INPUT MATERIAL:
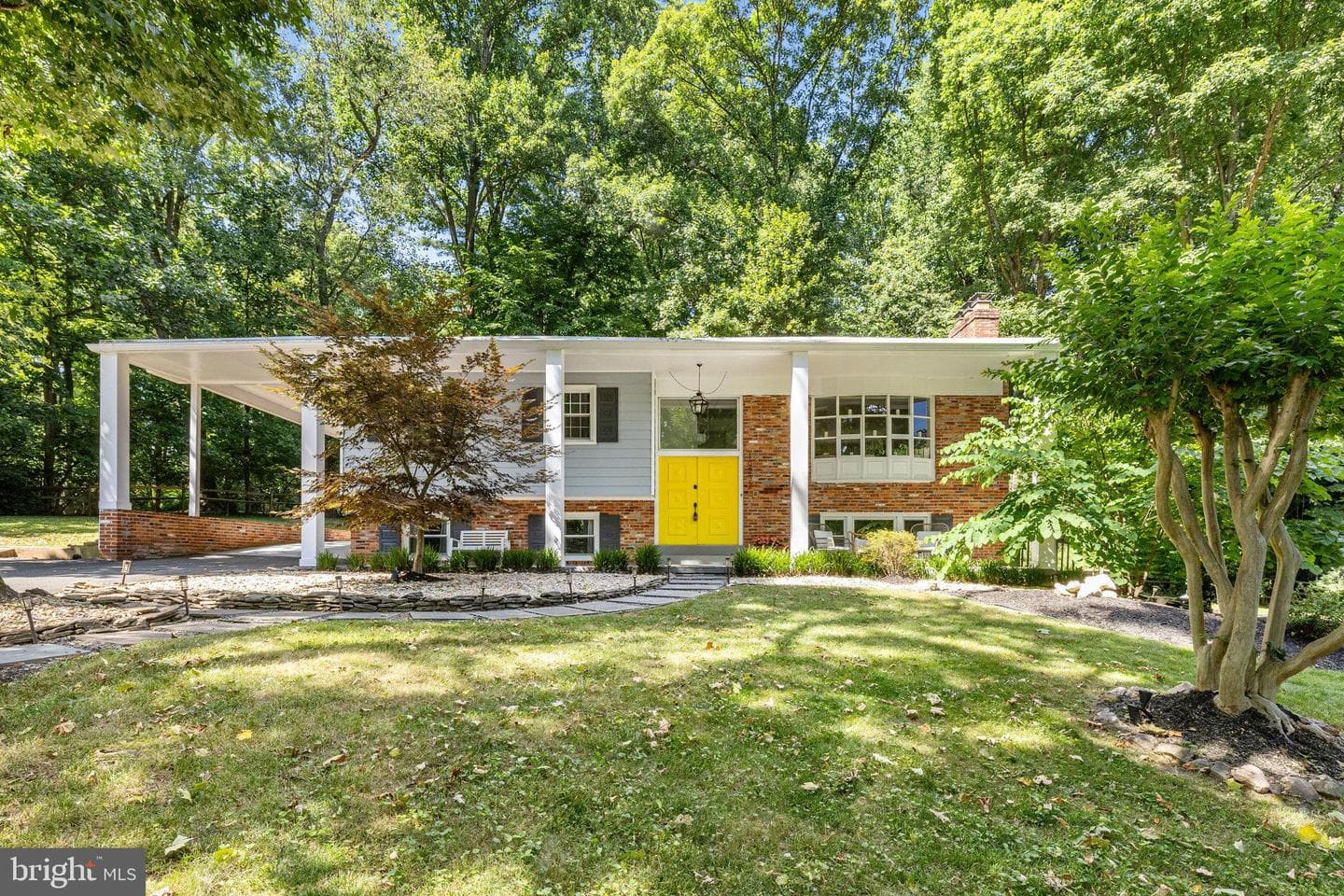 10232 Vale Road photo 2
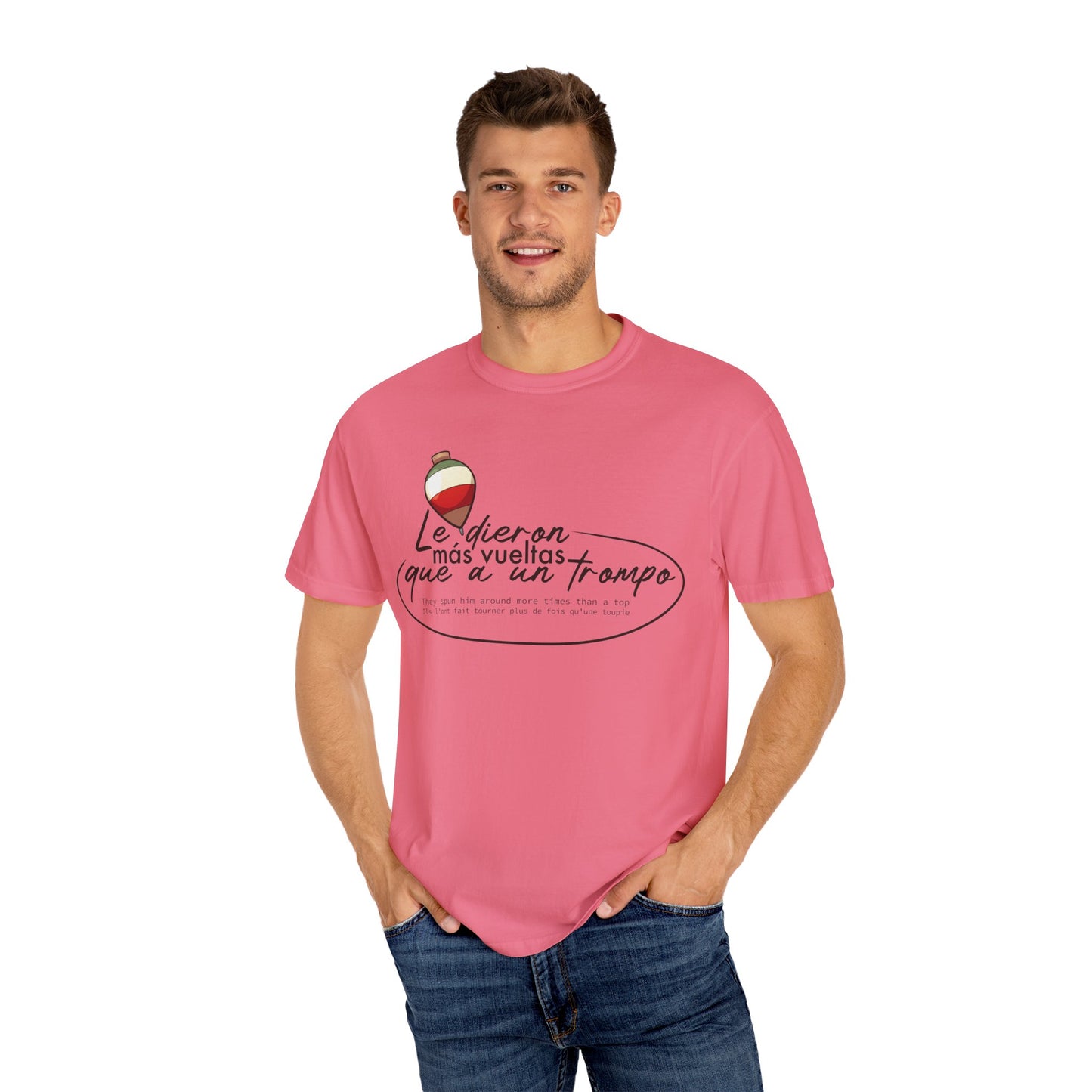 MÁS VUELTAS QUE A UN TROMPO - Camiseta Unisex Softstyle
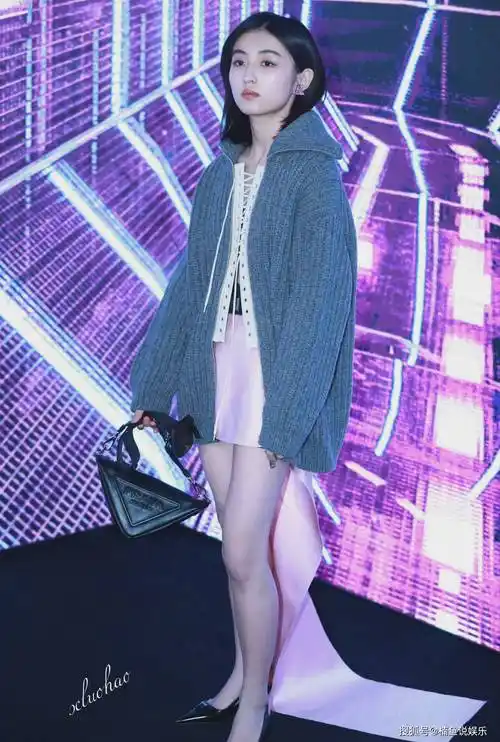 原创张子枫越来越敢穿了恋情风波后现身活动打扮清凉大长腿抢镜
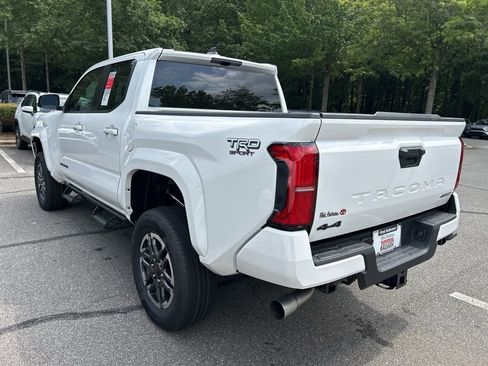 New 2025 Toyota Tacoma TRD Sport image 18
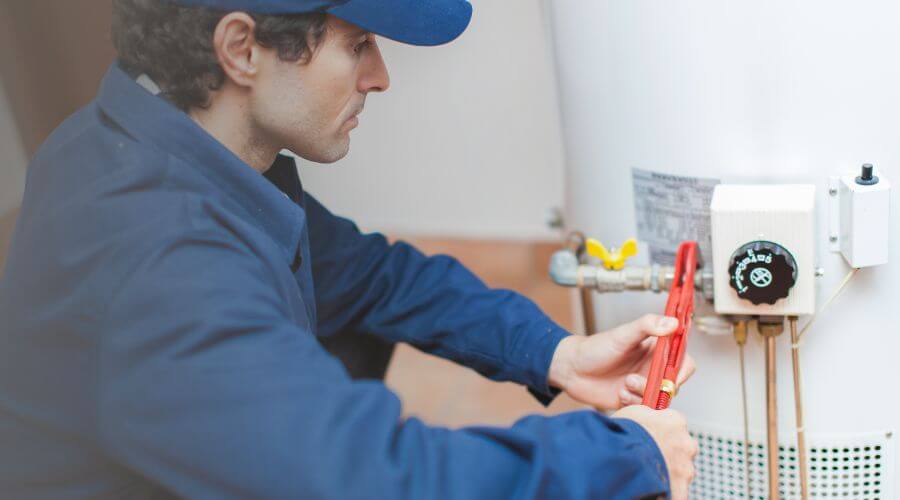 Local expert plumbing services in Fowler, IN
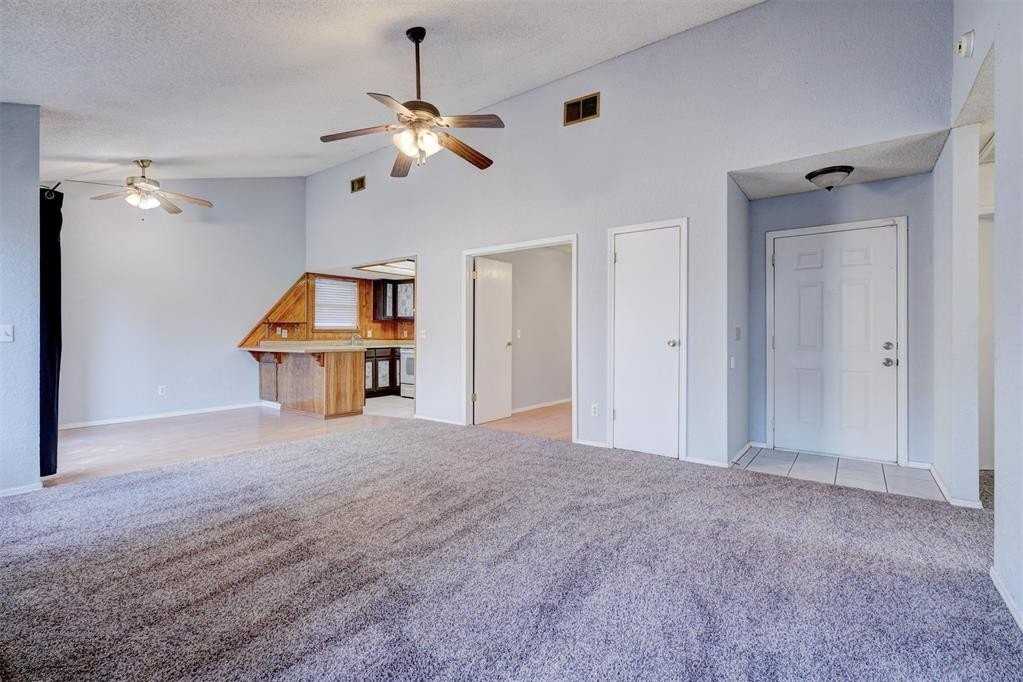 6700 Nw 124th St - Photo 2 of 12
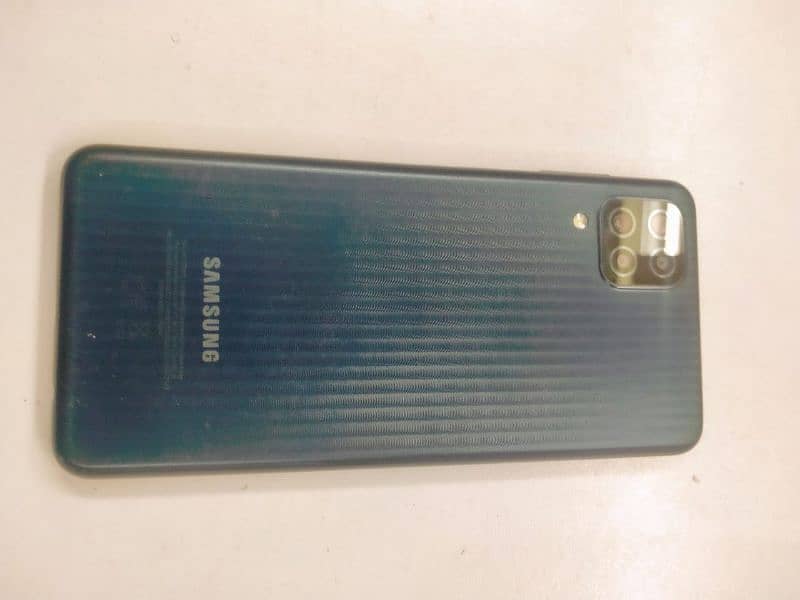 Samsung M12 ,4/64 5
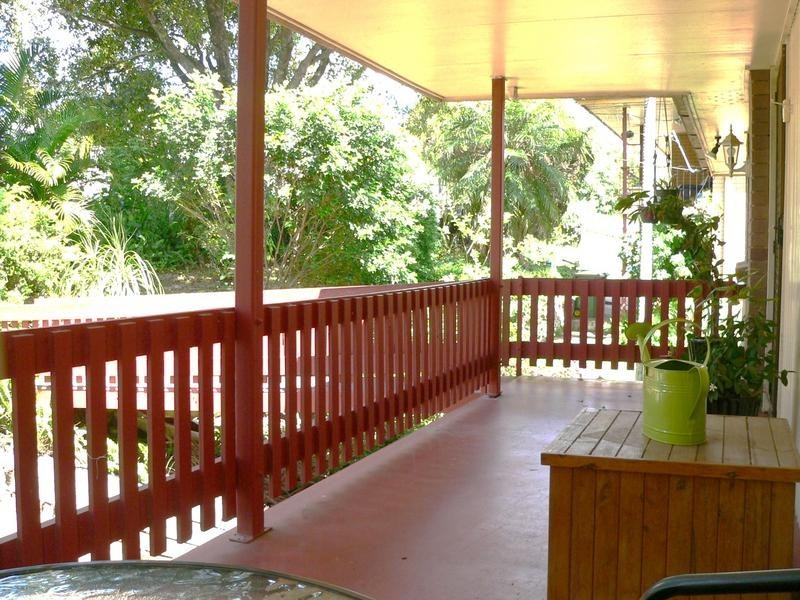 75 View Cr, Arana Hills QLD 4054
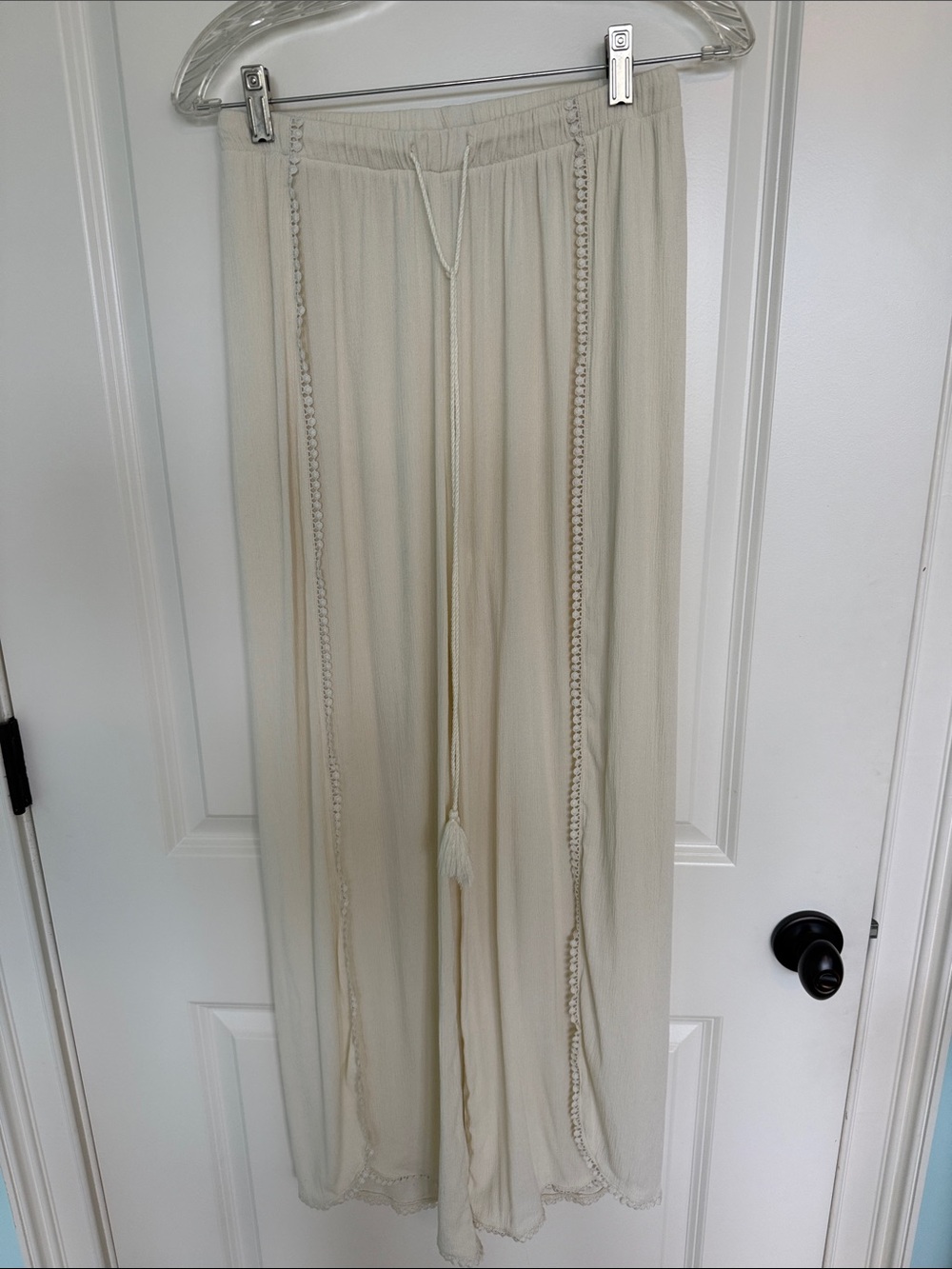 Women’s Chelsea 28 Cream Wide-Leg Tassel Drawstring beach pants cream color size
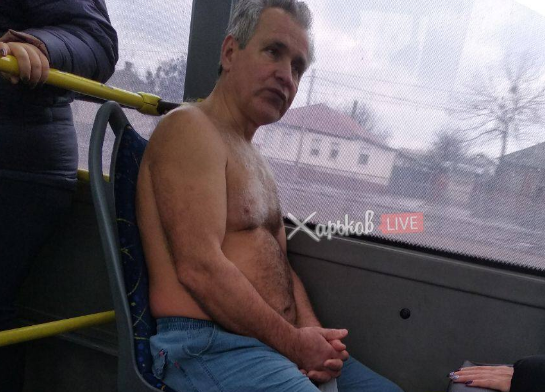 В шортах и босиком. В Харькове в троллейбусе заметили полуголого мужчину (фото)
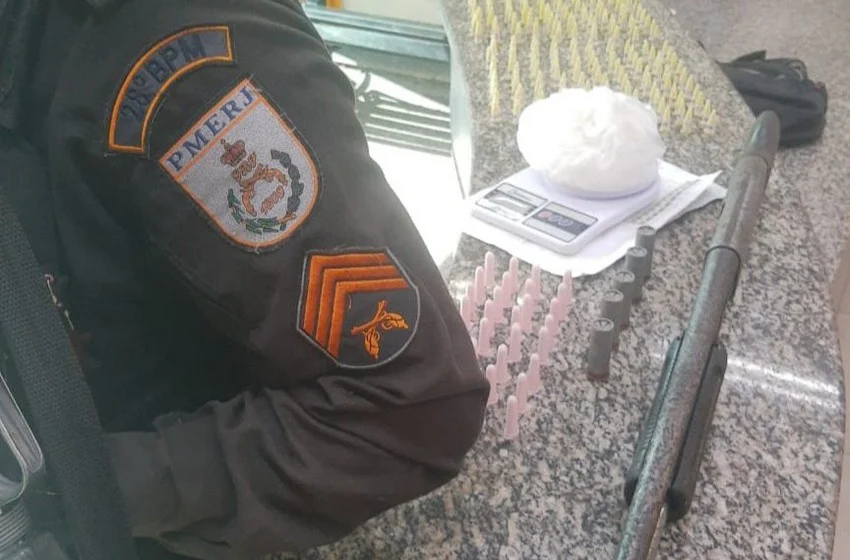 Três suspeitos conseguiram fugir para uma área de mata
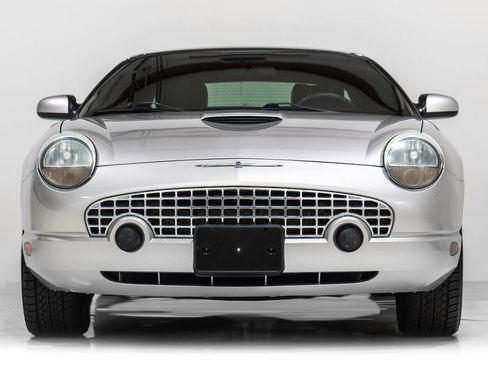 Used 2005 Ford Thunderbird Deluxe image 10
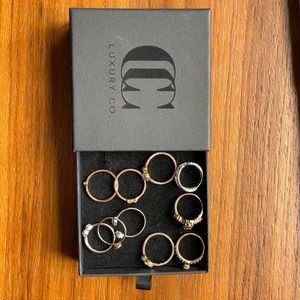 Box of Assorted Rings (Gold/ Silver)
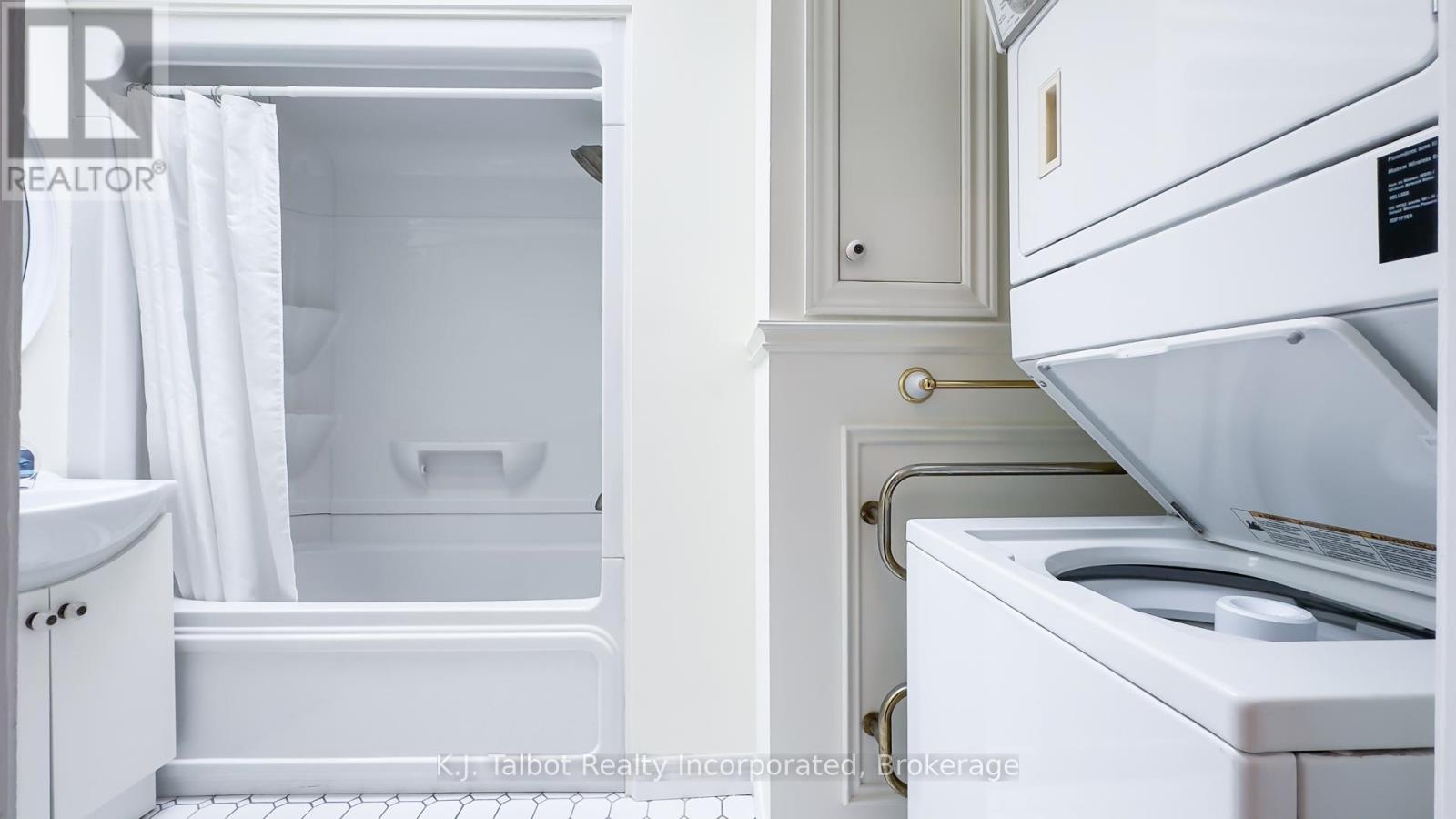 164 Courthouse Square, Goderich, Ontario N7A 1N1 - Photo 27 - X12350842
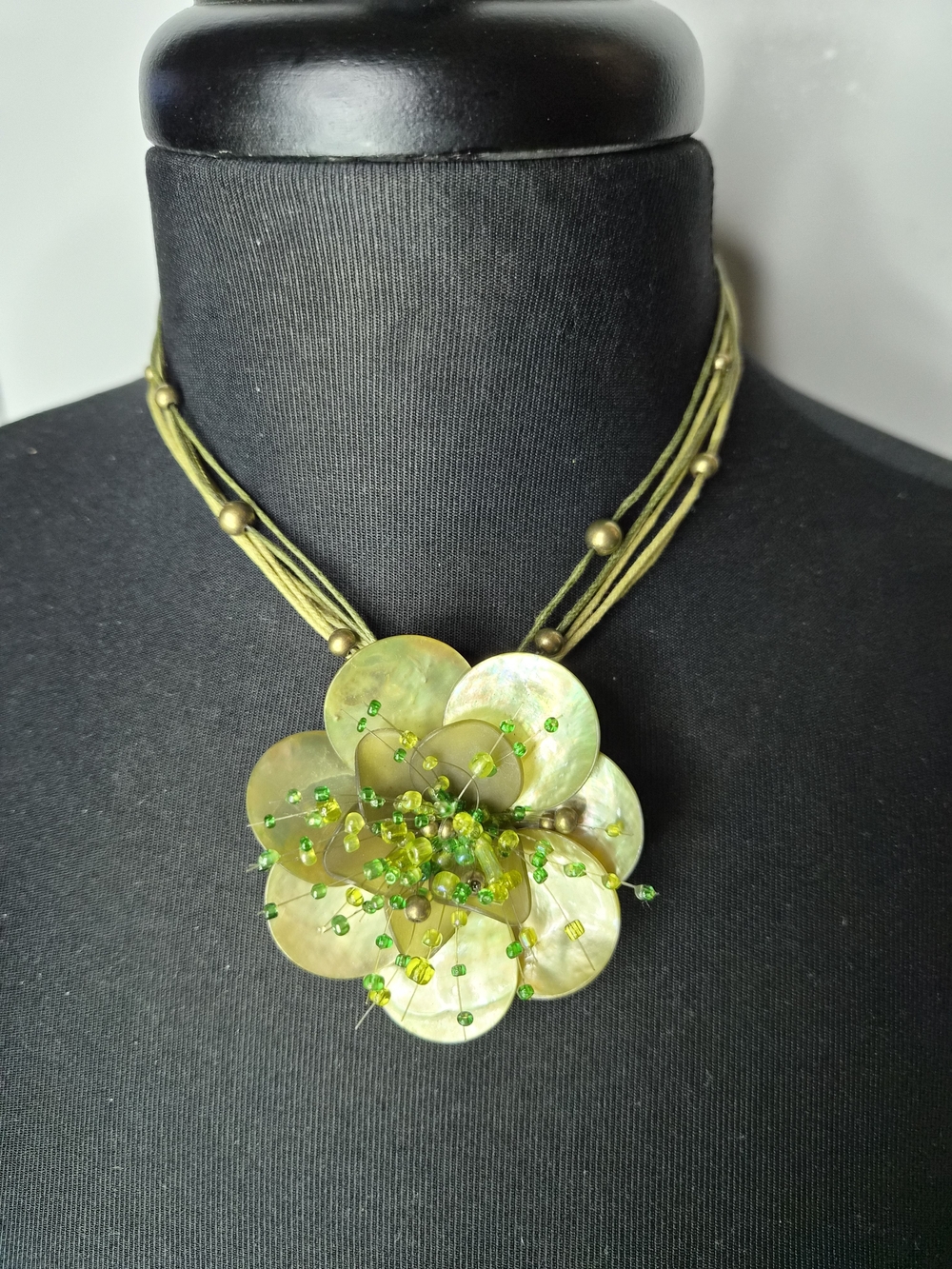 Yousi Vintage Green Mother of Pearl Flower Necklace *EVC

TASK STATEMENT: With all pictures left out, please transcribe exactly the lines from the start of the material through the line with "164 Courthouse Square, Goderich, Ontario".

RESPONSE TO THIS EXERCISE:
 10232 Vale Road photo 2
 MÁS VUELTAS QUE A UN TROMPO - Camiseta Unisex Softstyle
 原创张子枫越来越敢穿了恋情风波后现身活动打扮清凉大长腿抢镜
 New 2025 Toyota Tacoma TRD Sport image 18
 Local expert plumbing services in Fowler, IN
 6700 Nw 124th St - Photo 2 of 12
 Samsung M12 ,4/64 5
 75 View Cr, Arana Hills QLD 4054
 Women’s Chelsea 28 Cream Wide-Leg Tassel Drawstring beach pants cream color size
 В шортах и босиком. В Харькове в троллейбусе заметили полуголого мужчину (фото)
 Três suspeitos conseguiram fugir para uma área de mata
 Used 2005 Ford Thunderbird Deluxe image 10
 Box of Assorted Rings (Gold/ Silver)
 164 Courthouse Square, Goderich, Ontario N7A 1N1 - Photo 27 - X12350842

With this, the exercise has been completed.